→ **Required work**
From the data that follows, set down exactly the lines from the one with "Beneteau Flyer 9 Sundeck | Incredible Too" through the one with "Sta cercando uno", counting both. Pictures stay out.
--- Data to examine Enclosed Below ---
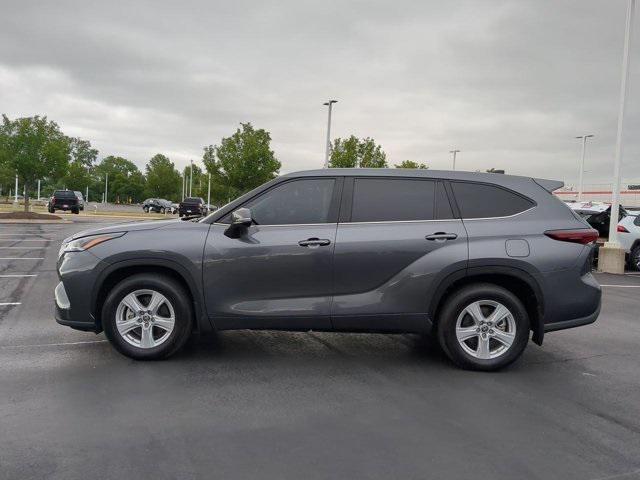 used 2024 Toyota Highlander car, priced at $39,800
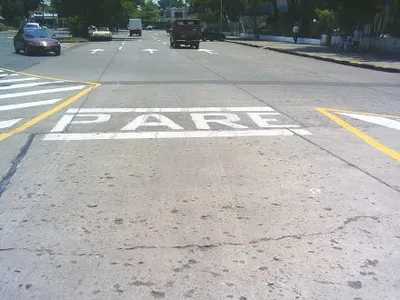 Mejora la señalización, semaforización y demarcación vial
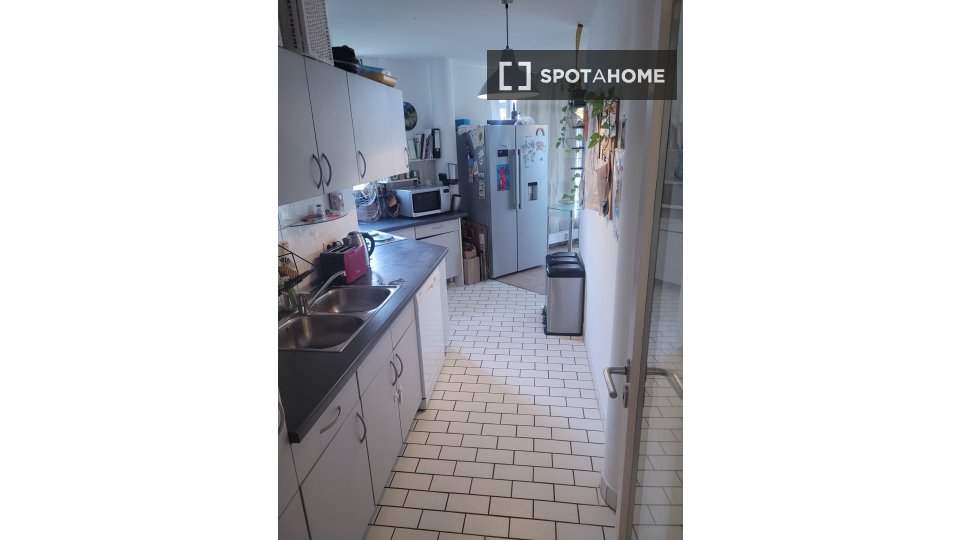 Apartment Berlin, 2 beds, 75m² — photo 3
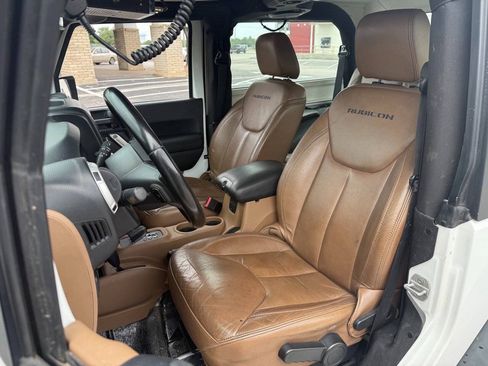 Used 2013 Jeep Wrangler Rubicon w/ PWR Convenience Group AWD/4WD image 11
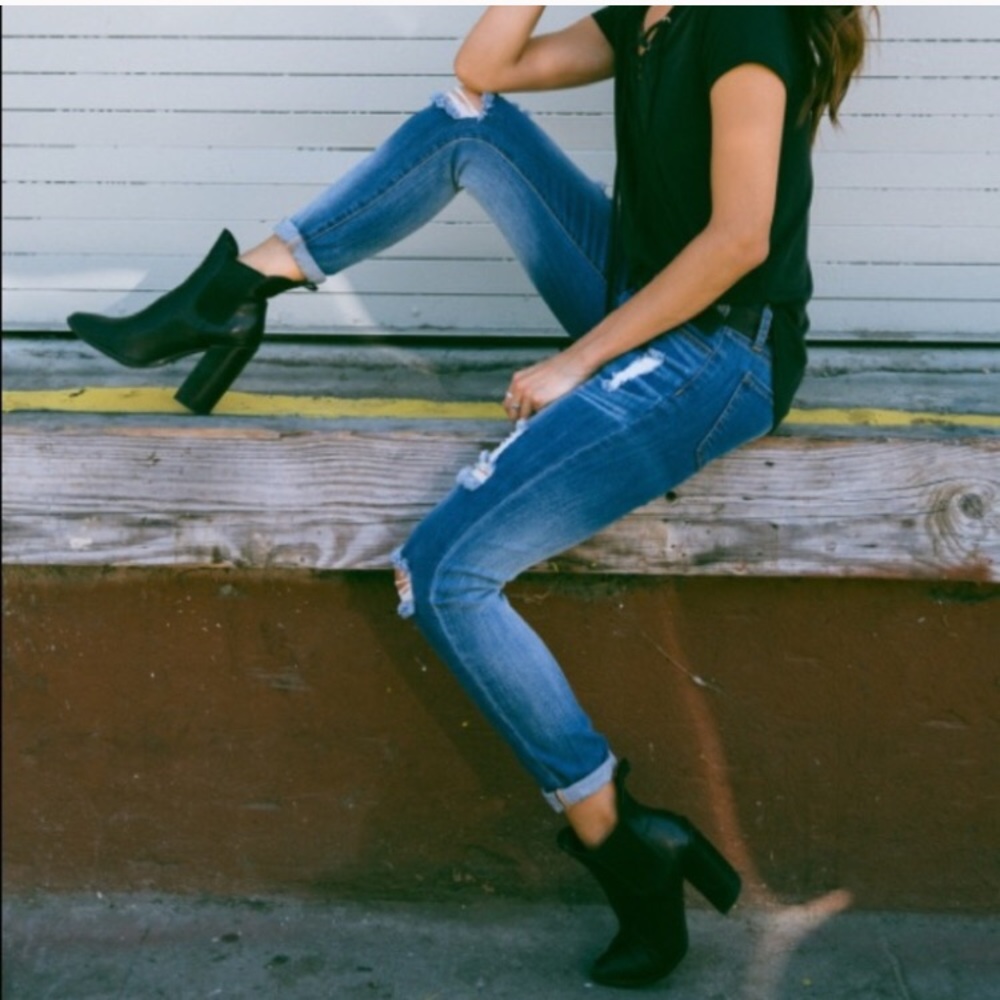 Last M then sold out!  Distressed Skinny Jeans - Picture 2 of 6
--- End of Enclosed Data to examine ---
--- Data to examine Enclosed Below ---
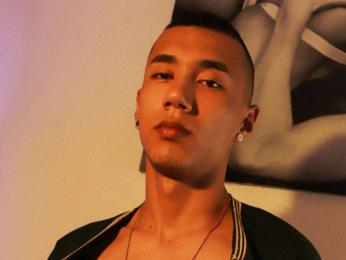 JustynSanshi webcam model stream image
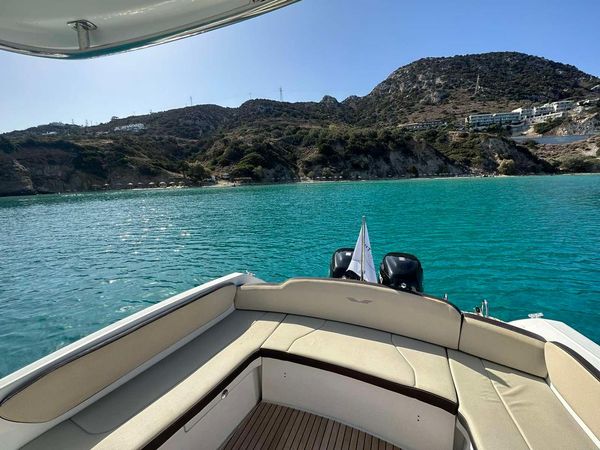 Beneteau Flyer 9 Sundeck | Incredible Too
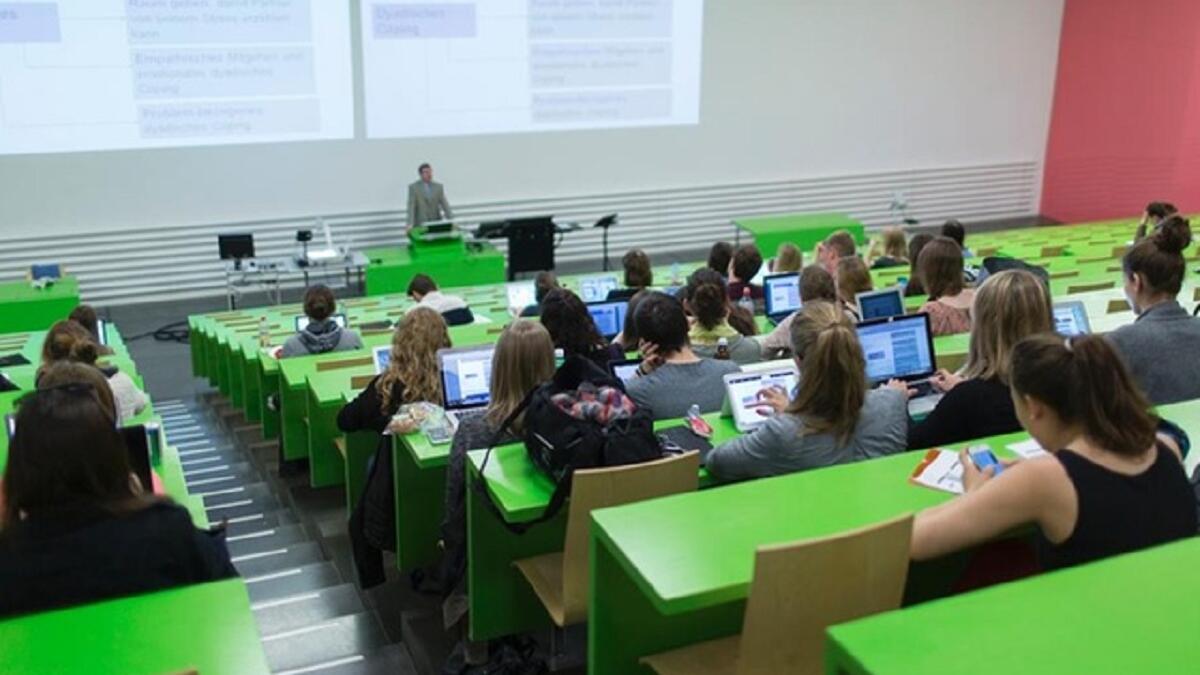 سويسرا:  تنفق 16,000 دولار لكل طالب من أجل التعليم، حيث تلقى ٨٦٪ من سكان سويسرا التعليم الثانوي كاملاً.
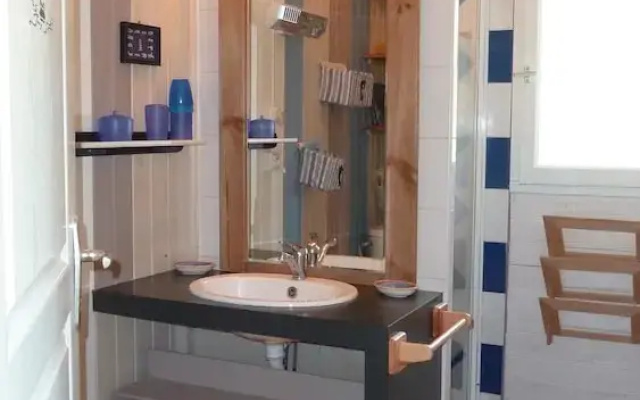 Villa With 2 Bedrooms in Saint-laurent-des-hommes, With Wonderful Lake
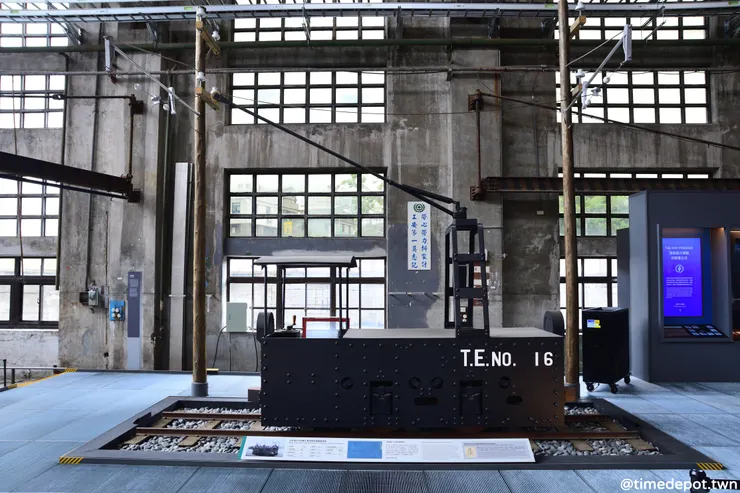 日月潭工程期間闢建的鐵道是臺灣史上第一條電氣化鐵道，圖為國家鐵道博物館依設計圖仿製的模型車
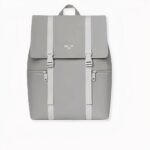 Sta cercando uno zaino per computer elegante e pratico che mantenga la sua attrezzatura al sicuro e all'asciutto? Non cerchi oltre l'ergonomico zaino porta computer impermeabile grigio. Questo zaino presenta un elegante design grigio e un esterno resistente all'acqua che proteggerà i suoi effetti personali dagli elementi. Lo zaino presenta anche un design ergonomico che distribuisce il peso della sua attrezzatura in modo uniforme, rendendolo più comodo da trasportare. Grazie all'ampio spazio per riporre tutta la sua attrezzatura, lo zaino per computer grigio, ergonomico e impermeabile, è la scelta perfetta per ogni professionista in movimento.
--- End of Enclosed Data to examine ---
→ **Exercise output**
 Beneteau Flyer 9 Sundeck | Incredible Too
 سويسرا:  تنفق 16,000 دولار لكل طالب من أجل التعليم، حيث تلقى ٨٦٪ من سكان سويسرا التعليم الثانوي كاملاً.
 Villa With 2 Bedrooms in Saint-laurent-des-hommes, With Wonderful Lake
 日月潭工程期間闢建的鐵道是臺灣史上第一條電氣化鐵道，圖為國家鐵道博物館依設計圖仿製的模型車
 Sta cercando uno zaino per computer elegante e pratico che mantenga la sua attrezzatura al sicuro e all'asciutto? Non cerchi oltre l'ergonomico zaino porta computer impermeabile grigio. Questo zaino presenta un elegante design grigio e un esterno resistente all'acqua che proteggerà i suoi effetti personali dagli elementi. Lo zaino presenta anche un design ergonomico che distribuisce il peso della sua attrezzatura in modo uniforme, rendendolo più comodo da trasportare. Grazie all'ampio spazio per riporre tutta la sua attrezzatura, lo zaino per computer grigio, ergonomico e impermeabile, è la scelta perfetta per ogni professionista in movimento.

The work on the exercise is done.